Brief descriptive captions

--

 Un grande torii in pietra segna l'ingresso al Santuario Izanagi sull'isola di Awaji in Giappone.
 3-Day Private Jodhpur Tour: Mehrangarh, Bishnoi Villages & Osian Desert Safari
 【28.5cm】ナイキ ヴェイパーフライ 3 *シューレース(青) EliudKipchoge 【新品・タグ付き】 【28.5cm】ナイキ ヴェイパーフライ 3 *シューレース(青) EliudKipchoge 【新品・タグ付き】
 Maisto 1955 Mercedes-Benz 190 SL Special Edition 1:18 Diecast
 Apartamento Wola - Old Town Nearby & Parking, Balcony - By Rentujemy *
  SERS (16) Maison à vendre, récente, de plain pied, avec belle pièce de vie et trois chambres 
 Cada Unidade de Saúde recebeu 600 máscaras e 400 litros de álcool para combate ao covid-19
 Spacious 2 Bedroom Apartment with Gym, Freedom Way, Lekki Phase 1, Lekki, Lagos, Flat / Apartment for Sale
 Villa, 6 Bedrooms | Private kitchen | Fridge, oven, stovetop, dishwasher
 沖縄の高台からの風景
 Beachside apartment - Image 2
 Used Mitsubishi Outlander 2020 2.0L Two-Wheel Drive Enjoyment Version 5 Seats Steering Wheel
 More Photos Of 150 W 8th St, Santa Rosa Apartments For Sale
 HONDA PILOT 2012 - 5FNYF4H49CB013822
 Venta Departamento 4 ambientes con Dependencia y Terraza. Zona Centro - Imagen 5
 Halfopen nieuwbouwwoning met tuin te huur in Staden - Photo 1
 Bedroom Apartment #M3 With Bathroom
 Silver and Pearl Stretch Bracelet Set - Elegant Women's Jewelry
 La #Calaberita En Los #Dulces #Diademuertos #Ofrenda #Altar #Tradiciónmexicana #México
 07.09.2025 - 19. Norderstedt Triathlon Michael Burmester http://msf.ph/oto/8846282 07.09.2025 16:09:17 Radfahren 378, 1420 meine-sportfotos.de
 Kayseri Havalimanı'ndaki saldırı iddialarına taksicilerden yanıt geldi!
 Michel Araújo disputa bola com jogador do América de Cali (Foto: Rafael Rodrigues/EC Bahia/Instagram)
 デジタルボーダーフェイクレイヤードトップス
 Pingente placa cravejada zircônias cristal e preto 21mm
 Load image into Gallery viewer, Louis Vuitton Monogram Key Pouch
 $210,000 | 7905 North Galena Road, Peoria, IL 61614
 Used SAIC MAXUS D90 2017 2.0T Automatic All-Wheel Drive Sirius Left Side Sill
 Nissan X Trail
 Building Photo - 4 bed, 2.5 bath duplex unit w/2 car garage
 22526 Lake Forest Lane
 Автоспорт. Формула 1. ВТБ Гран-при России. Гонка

--

**INSTRUCTIONS FOR THE TASK:** Write each line of the data above out again without altering a word.

**RESULT OF THIS EXERCISE:**
 Un grande torii in pietra segna l'ingresso al Santuario Izanagi sull'isola di Awaji in Giappone.
 3-Day Private Jodhpur Tour: Mehrangarh, Bishnoi Villages & Osian Desert Safari
 【28.5cm】ナイキ ヴェイパーフライ 3 *シューレース(青) EliudKipchoge 【新品・タグ付き】 【28.5cm】ナイキ ヴェイパーフライ 3 *シューレース(青) EliudKipchoge 【新品・タグ付き】
 Maisto 1955 Mercedes-Benz 190 SL Special Edition 1:18 Diecast
 Apartamento Wola - Old Town Nearby & Parking, Balcony - By Rentujemy *
  SERS (16) Maison à vendre, récente, de plain pied, avec belle pièce de vie et trois chambres 
 Cada Unidade de Saúde recebeu 600 máscaras e 400 litros de álcool para combate ao covid-19
 Spacious 2 Bedroom Apartment with Gym, Freedom Way, Lekki Phase 1, Lekki, Lagos, Flat / Apartment for Sale
 Villa, 6 Bedrooms | Private kitchen | Fridge, oven, stovetop, dishwasher
 沖縄の高台からの風景
 Beachside apartment - Image 2
 Used Mitsubishi Outlander 2020 2.0L Two-Wheel Drive Enjoyment Version 5 Seats Steering Wheel
 More Photos Of 150 W 8th St, Santa Rosa Apartments For Sale
 HONDA PILOT 2012 - 5FNYF4H49CB013822
 Venta Departamento 4 ambientes con Dependencia y Terraza. Zona Centro - Imagen 5
 Halfopen nieuwbouwwoning met tuin te huur in Staden - Photo 1
 Bedroom Apartment #M3 With Bathroom
 Silver and Pearl Stretch Bracelet Set - Elegant Women's Jewelry
 La #Calaberita En Los #Dulces #Diademuertos #Ofrenda #Altar #Tradiciónmexicana #México
 07.09.2025 - 19. Norderstedt Triathlon Michael Burmester http://msf.ph/oto/8846282 07.09.2025 16:09:17 Radfahren 378, 1420 meine-sportfotos.de
 Kayseri Havalimanı'ndaki saldırı iddialarına taksicilerden yanıt geldi!
 Michel Araújo disputa bola com jogador do América de Cali (Foto: Rafael Rodrigues/EC Bahia/Instagram)
 デジタルボーダーフェイクレイヤードトップス
 Pingente placa cravejada zircônias cristal e preto 21mm
 Load image into Gallery viewer, Louis Vuitton Monogram Key Pouch
 $210,000 | 7905 North Galena Road, Peoria, IL 61614
 Used SAIC MAXUS D90 2017 2.0T Automatic All-Wheel Drive Sirius Left Side Sill
 Nissan X Trail
 Building Photo - 4 bed, 2.5 bath duplex unit w/2 car garage
 22526 Lake Forest Lane
 Автоспорт. Формула 1. ВТБ Гран-при России. Гонка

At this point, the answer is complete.